━━━━━ DATA LISTING ━━━━━

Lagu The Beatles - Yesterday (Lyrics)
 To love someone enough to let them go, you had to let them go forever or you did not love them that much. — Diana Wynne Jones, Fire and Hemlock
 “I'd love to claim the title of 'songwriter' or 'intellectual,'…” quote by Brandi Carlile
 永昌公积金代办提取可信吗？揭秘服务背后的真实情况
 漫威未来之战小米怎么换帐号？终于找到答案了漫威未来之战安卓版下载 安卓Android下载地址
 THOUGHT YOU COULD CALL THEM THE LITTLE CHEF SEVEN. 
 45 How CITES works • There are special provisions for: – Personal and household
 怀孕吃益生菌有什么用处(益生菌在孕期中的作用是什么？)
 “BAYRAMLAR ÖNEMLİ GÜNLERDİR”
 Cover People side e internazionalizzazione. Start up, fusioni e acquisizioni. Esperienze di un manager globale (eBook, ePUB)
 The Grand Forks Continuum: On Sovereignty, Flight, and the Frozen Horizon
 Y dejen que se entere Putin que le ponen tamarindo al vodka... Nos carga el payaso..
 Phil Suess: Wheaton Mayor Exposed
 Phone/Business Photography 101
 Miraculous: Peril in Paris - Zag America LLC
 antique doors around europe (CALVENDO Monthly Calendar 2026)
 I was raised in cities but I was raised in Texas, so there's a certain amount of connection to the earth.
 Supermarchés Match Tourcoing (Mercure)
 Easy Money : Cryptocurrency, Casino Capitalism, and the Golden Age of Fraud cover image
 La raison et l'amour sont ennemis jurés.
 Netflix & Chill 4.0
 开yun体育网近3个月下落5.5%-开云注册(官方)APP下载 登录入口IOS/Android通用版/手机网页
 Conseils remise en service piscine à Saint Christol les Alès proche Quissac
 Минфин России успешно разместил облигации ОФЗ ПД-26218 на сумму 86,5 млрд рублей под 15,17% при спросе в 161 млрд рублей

━━━━━

# TASK DIRECTIONS
Copy every line above without changes.

# WORKED SOLUTION
Lagu The Beatles - Yesterday (Lyrics)
 To love someone enough to let them go, you had to let them go forever or you did not love them that much. — Diana Wynne Jones, Fire and Hemlock
 “I'd love to claim the title of 'songwriter' or 'intellectual,'…” quote by Brandi Carlile
 永昌公积金代办提取可信吗？揭秘服务背后的真实情况
 漫威未来之战小米怎么换帐号？终于找到答案了漫威未来之战安卓版下载 安卓Android下载地址
 THOUGHT YOU COULD CALL THEM THE LITTLE CHEF SEVEN. 
 45 How CITES works • There are special provisions for: – Personal and household
 怀孕吃益生菌有什么用处(益生菌在孕期中的作用是什么？)
 “BAYRAMLAR ÖNEMLİ GÜNLERDİR”
 Cover People side e internazionalizzazione. Start up, fusioni e acquisizioni. Esperienze di un manager globale (eBook, ePUB)
 The Grand Forks Continuum: On Sovereignty, Flight, and the Frozen Horizon
 Y dejen que se entere Putin que le ponen tamarindo al vodka... Nos carga el payaso..
 Phil Suess: Wheaton Mayor Exposed
 Phone/Business Photography 101
 Miraculous: Peril in Paris - Zag America LLC
 antique doors around europe (CALVENDO Monthly Calendar 2026)
 I was raised in cities but I was raised in Texas, so there's a certain amount of connection to the earth.
 Supermarchés Match Tourcoing (Mercure)
 Easy Money : Cryptocurrency, Casino Capitalism, and the Golden Age of Fraud cover image
 La raison et l'amour sont ennemis jurés.
 Netflix & Chill 4.0
 开yun体育网近3个月下落5.5%-开云注册(官方)APP下载 登录入口IOS/Android通用版/手机网页
 Conseils remise en service piscine à Saint Christol les Alès proche Quissac
 Минфин России успешно разместил облигации ОФЗ ПД-26218 на сумму 86,5 млрд рублей под 15,17% при спросе в 161 млрд рублей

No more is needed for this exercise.